> [WHAT IS NEEDED]: Please repeat the entries below exactly as written, leaving out any images.

> [EXERCISE INPUTS]:
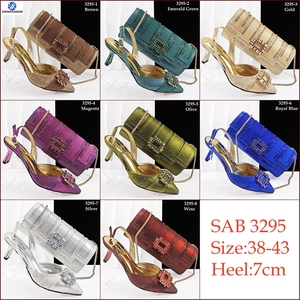 Conjunto de <span class=keywords><strong>zapatos</strong></span> y bolsos de diseño italiano dorado de lujo Sinya, <span class=keywords><strong>zapatos</strong></span> nuevos de tacón alto para mujer, conjunto de bolsos a juego con piedras - Product Image 2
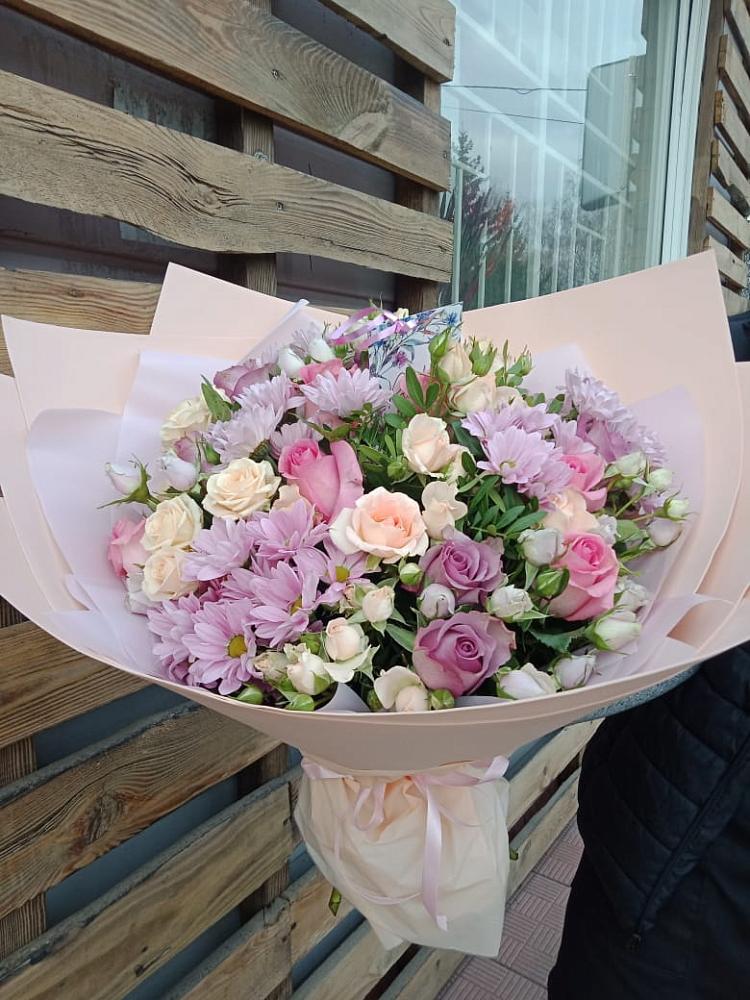 Букет цветов из: Розы и Хризантемы в Царево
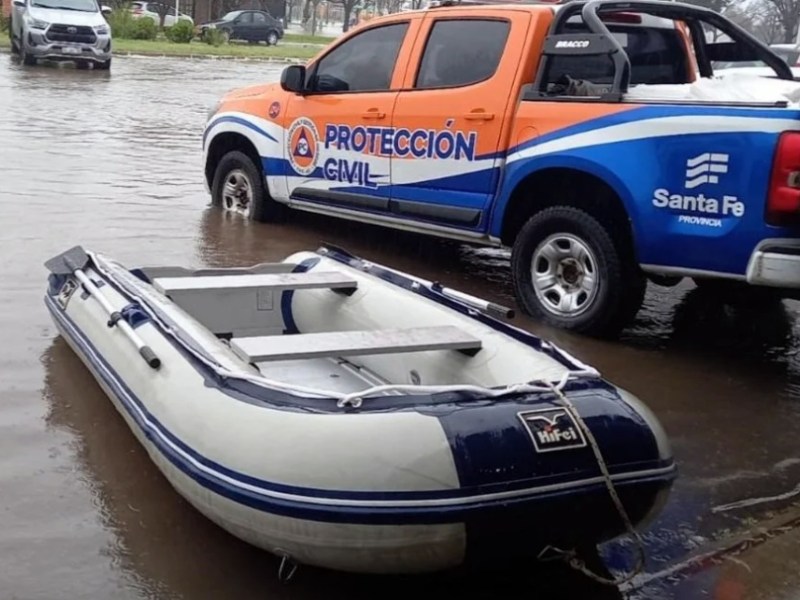 Operativo de emergencia en diferentes puntos de Santa Fe: asisten a las localidades más afectadas por las intensas lluvias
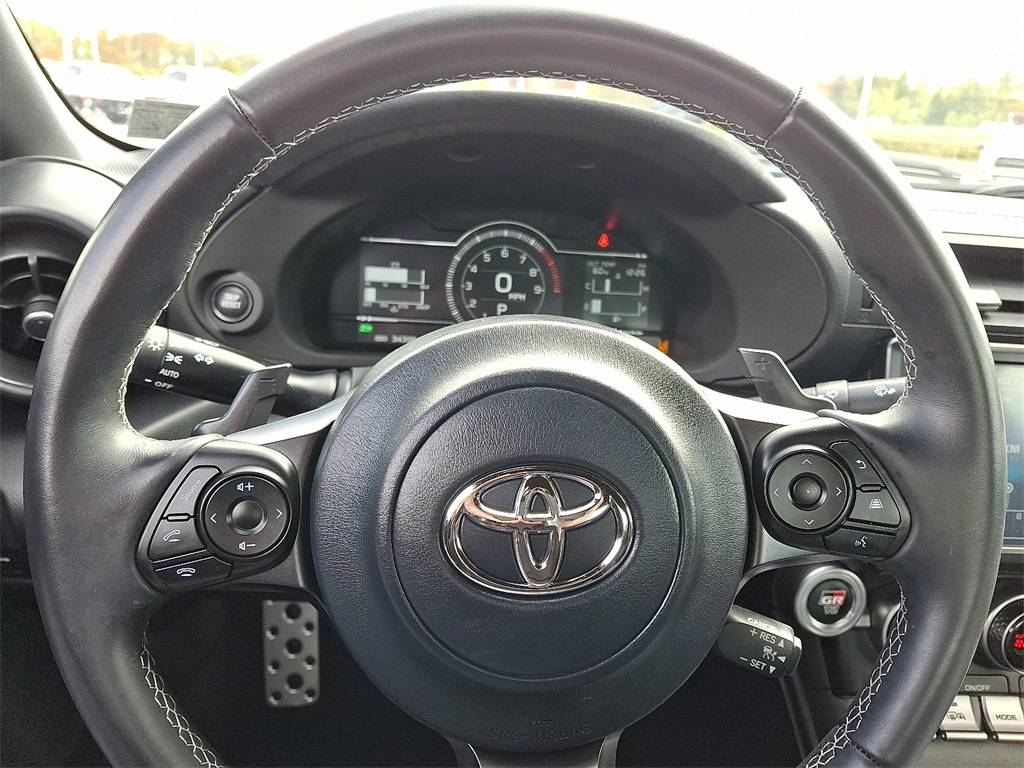 2023 Toyota GR86 Premium - Photo 19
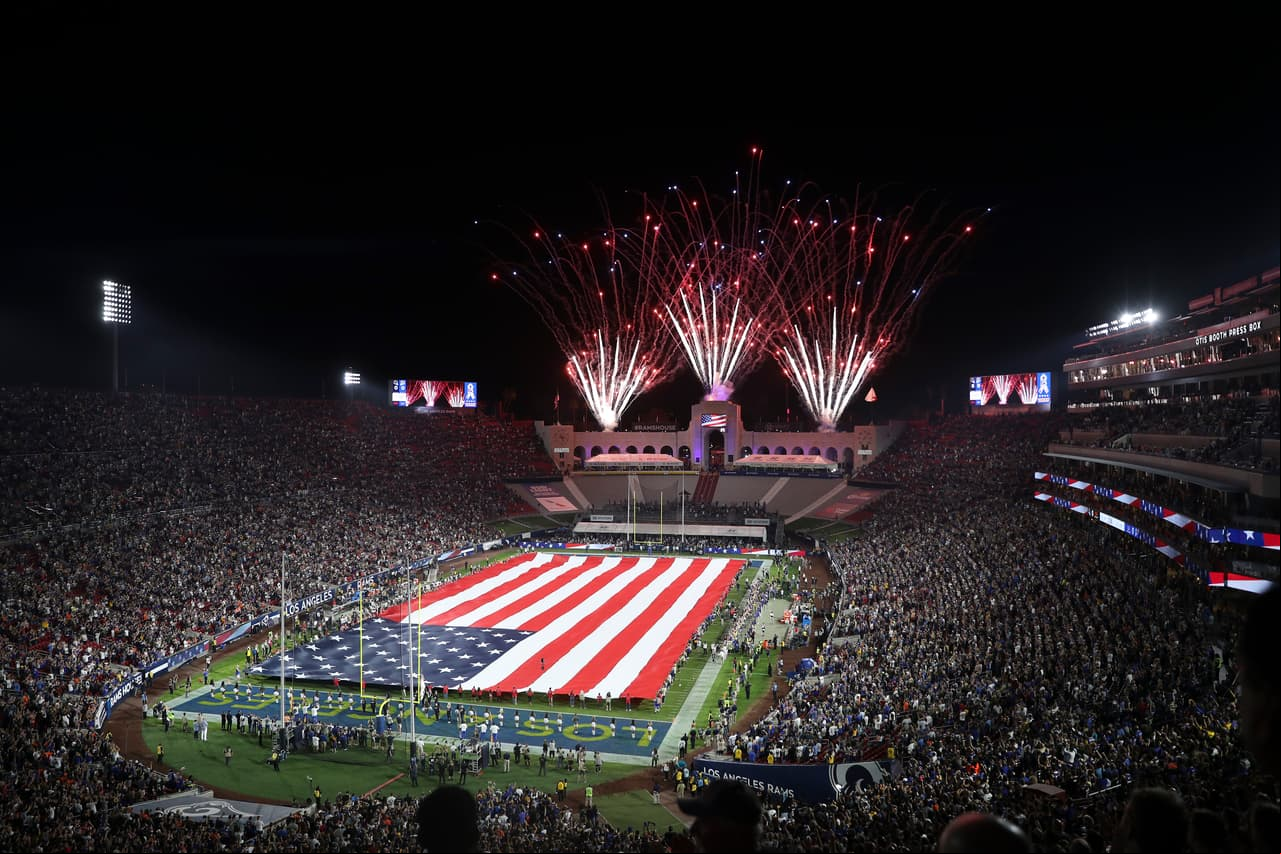 Los Angeles Rams 
<b>17-7</b> Chicago Bears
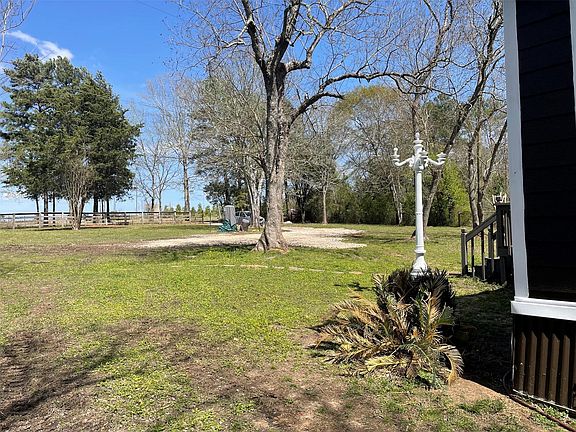4th image of 9677 Longstreet Rd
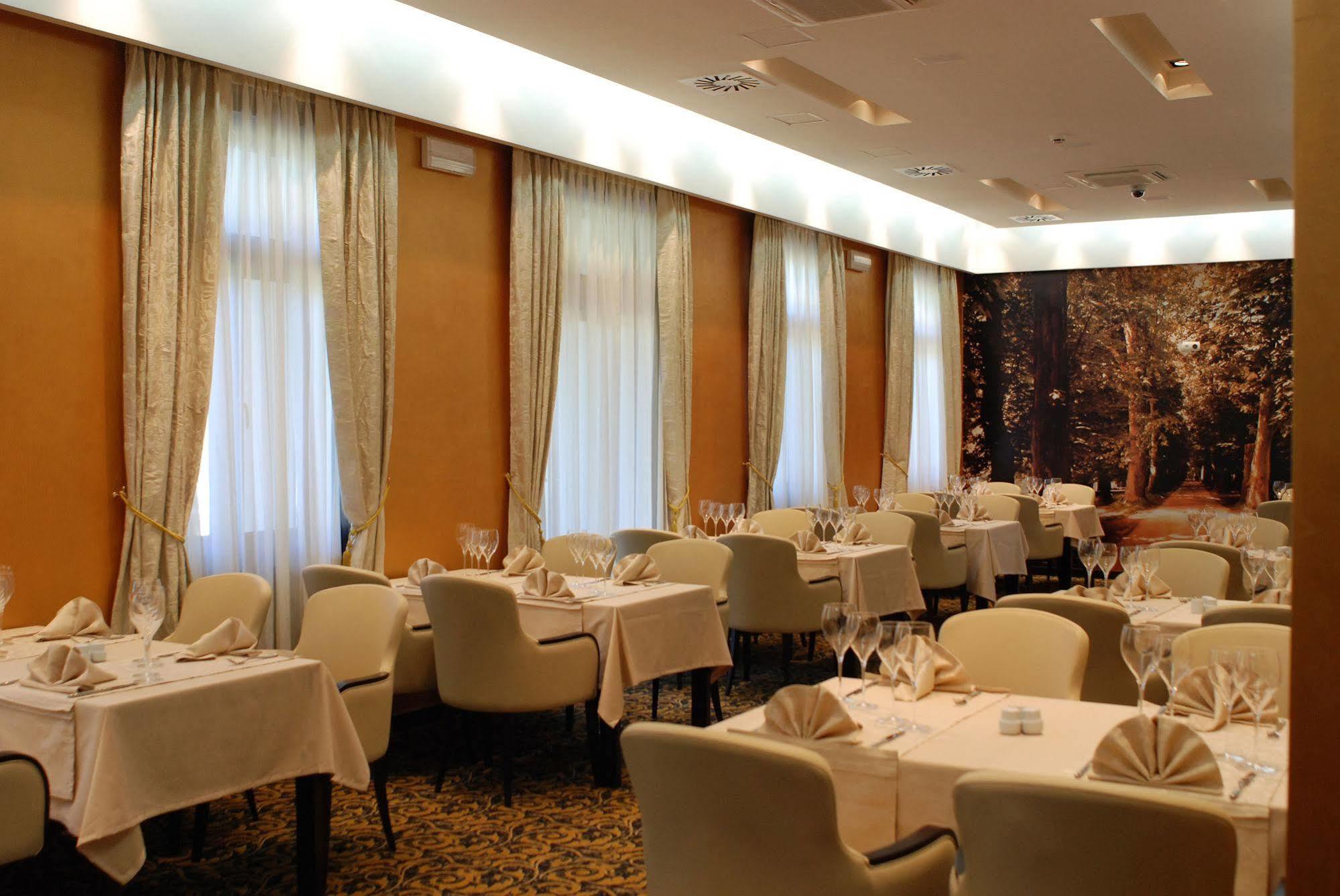 Hotel Hercegovina Іліджа Екстер'єр фото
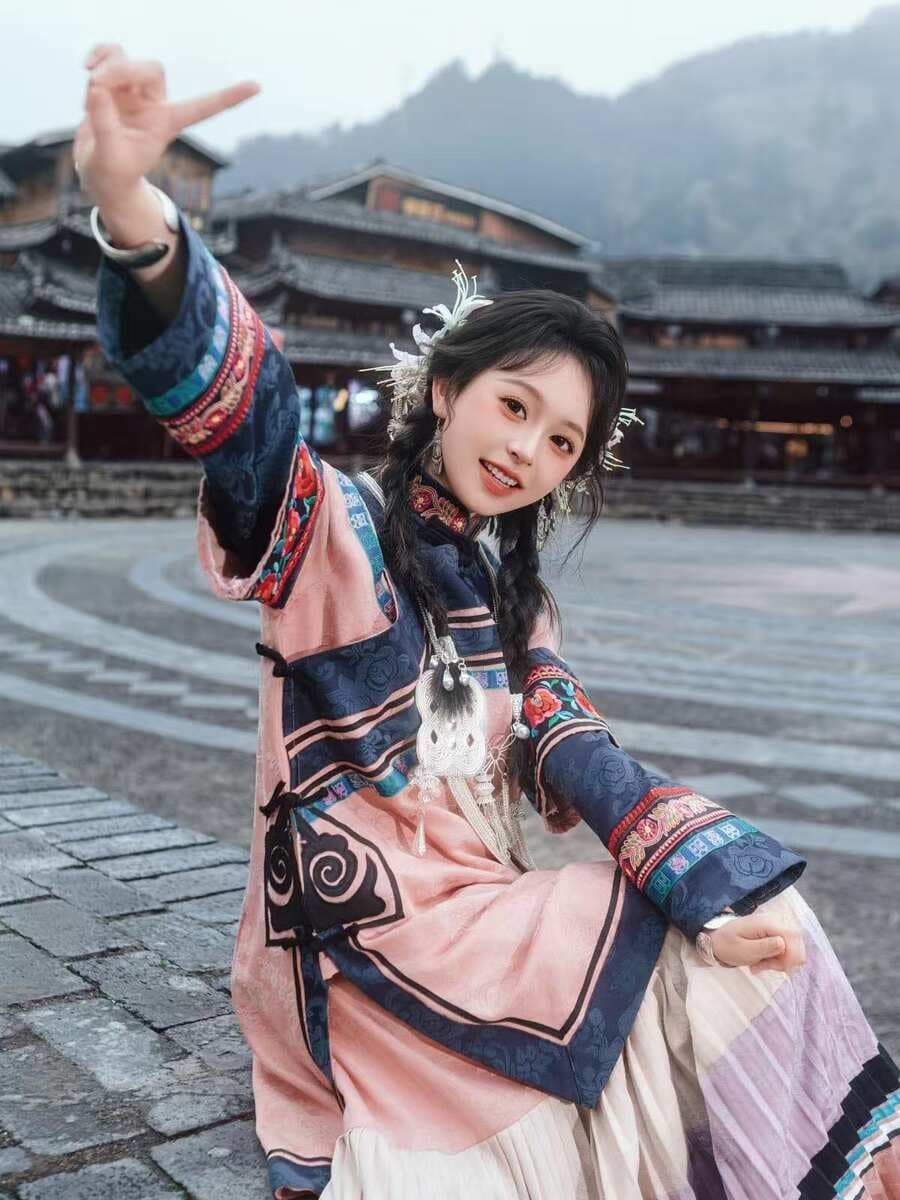 New Ethnic Minority Clothing, Liangshan Costumes, Yi Ethnic Clothing, Yunnan Torch Festival Travel Photography Photo Set 3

> [FINISHED TASK]:
 Conjunto de <span class=keywords><strong>zapatos</strong></span> y bolsos de diseño italiano dorado de lujo Sinya, <span class=keywords><strong>zapatos</strong></span> nuevos de tacón alto para mujer, conjunto de bolsos a juego con piedras - Product Image 2
 Букет цветов из: Розы и Хризантемы в Царево
 Operativo de emergencia en diferentes puntos de Santa Fe: asisten a las localidades más afectadas por las intensas lluvias
 2023 Toyota GR86 Premium - Photo 19
 Los Angeles Rams 
<b>17-7</b> Chicago Bears
4th image of 9677 Longstreet Rd
 Hotel Hercegovina Іліджа Екстер'єр фото
 New Ethnic Minority Clothing, Liangshan Costumes, Yi Ethnic Clothing, Yunnan Torch Festival Travel Photography Photo Set 3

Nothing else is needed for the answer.